Below are the entries. Transcribe exactly the lines from the one with "10公分网格带自粘防裂内墙防裂网网格布加密高密度50长一整箱批发" through the one with "hyundai elantra gls '02", ends included, and leave out all others.
-------- Given data
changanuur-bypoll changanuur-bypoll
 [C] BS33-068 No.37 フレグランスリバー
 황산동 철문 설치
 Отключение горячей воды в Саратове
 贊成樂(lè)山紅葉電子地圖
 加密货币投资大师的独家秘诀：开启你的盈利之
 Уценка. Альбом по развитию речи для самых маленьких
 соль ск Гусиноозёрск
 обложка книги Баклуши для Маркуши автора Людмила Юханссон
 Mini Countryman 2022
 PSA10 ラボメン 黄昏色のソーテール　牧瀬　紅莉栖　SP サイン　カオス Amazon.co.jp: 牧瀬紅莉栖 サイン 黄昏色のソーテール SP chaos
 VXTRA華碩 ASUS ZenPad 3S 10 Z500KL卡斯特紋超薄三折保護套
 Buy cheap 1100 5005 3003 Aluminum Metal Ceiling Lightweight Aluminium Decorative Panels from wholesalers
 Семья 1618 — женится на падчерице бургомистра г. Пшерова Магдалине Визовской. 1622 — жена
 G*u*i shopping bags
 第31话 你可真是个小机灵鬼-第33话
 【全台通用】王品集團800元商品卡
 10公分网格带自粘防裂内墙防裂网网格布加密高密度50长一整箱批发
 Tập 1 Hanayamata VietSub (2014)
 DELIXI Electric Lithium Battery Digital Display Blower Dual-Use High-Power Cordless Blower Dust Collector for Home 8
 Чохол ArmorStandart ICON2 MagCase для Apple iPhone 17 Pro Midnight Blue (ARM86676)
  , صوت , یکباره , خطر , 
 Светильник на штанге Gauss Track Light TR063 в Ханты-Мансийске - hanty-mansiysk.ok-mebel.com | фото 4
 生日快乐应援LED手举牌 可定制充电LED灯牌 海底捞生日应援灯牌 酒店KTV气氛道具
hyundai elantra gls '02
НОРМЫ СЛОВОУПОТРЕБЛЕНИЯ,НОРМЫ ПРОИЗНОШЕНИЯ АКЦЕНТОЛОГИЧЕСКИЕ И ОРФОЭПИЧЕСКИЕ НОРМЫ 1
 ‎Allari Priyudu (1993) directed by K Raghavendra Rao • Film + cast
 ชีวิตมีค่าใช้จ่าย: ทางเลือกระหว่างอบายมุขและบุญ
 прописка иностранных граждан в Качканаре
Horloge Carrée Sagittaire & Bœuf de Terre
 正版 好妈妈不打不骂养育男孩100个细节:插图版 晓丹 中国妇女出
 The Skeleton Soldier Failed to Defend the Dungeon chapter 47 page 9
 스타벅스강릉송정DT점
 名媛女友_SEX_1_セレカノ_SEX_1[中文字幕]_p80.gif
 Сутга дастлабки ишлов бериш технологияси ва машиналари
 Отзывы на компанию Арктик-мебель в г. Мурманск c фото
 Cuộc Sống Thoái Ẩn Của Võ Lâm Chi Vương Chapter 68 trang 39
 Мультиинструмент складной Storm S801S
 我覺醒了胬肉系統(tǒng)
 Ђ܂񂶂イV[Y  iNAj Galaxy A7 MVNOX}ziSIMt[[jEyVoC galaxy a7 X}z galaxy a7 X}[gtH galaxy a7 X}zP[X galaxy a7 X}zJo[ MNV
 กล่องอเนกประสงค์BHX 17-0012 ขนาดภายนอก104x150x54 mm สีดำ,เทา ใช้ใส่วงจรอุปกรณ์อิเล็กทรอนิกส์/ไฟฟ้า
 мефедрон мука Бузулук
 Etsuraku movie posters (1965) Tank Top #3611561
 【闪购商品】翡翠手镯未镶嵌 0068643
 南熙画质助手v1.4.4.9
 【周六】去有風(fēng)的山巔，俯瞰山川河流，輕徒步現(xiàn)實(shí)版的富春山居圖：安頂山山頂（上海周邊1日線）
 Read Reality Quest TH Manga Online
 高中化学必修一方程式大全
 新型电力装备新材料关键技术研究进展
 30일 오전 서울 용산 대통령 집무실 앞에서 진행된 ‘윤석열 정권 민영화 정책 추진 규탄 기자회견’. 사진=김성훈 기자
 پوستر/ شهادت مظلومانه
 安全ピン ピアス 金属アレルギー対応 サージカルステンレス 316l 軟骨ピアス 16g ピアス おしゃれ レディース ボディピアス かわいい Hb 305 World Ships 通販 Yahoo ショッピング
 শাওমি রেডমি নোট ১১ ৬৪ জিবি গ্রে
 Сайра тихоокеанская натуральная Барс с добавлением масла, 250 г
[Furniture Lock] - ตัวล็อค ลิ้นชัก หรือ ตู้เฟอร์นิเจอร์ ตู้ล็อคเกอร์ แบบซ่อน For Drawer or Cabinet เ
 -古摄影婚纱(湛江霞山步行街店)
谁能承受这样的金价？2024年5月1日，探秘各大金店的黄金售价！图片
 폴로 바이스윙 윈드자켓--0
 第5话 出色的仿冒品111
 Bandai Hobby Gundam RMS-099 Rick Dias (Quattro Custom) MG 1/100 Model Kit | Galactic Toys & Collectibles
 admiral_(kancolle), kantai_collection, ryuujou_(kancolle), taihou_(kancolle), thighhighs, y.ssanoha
----------------
[Solution to the exercise]
 10公分网格带自粘防裂内墙防裂网网格布加密高密度50长一整箱批发
 Tập 1 Hanayamata VietSub (2014)
 DELIXI Electric Lithium Battery Digital Display Blower Dual-Use High-Power Cordless Blower Dust Collector for Home 8
 Чохол ArmorStandart ICON2 MagCase для Apple iPhone 17 Pro Midnight Blue (ARM86676)
  , صوت , یکباره , خطر , 
 Светильник на штанге Gauss Track Light TR063 в Ханты-Мансийске - hanty-mansiysk.ok-mebel.com | фото 4
 生日快乐应援LED手举牌 可定制充电LED灯牌 海底捞生日应援灯牌 酒店KTV气氛道具
hyundai elantra gls '02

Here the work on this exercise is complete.